Cependant, la réalité derrière les nomenclatures administratives n’est pas analysée sérieusement. L’objectif quasi unique du gestionnaire public a été la continuité écologique en long sur les ouvrages en lit mineur, alors que la science a démontré que des dizaines de services écosystémiques sont associés aux plans d’eau (et aux canaux parfois annexes des plans d’eau), en particulier : 
  • Régulation des crues et sécheresses
  • Biodiversité de milieux lentiques et humides
  • Zone refuge en étiage
  • Dépollution des intrants et auto-épuration
  • Production d’énergie, pisciculture
  • Adaptation au changement climatique par îlot de fraîcheur
  • Réserves incendie très réparties
  • Agréments culturels, paysagers et de loisirs

Problème n°2 : défaut de représentation et concertation
A la carence de connaissances s’ajoute le problème du défaut de représentation institutionnelle.

Aujourd’hui, ces ouvrages ne sont pas représentés de manière permanente au comité national de l’eau, aux comités de bassin des agences de l’eau, ni parfois dans les enquêtes parlementaires sur les thèmes les concernant. 

C’est la raison pour laquelle la réforme de continuité écologique en long s’est très mal passée, ayant été conçue sans travail sérieux avec les premiers concernés pour envisager sa faisabilité et son acceptabilité. Le problème sera le même pour la politique de gestion quantitative et qualitative de l’eau. 
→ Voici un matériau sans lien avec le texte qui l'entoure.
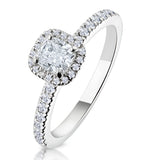 Beatrice Gia Diamond Halo Engagement Ring 18k White Gold 1ct G/vs2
Nous demandons en conséquence une double évolution des pratiques :
  • Une politique d’acquisition de connaissances sur la diversité des plans d’eau, leurs services écosystémiques et leurs dimensions d’intérêt pour les politiques de l’eau, en vue non de les faire disparaître au nom de la « renaturation » ou de la « continuité », mais de les valoriser et de les associer aux objectifs d’intérêt général,
  • Un élargissement des instances de réflexion et concertation de l’eau aux acteurs représentant les ouvrages hydrauliques concernés (moulins, étangs, canaux,  plans d’eau).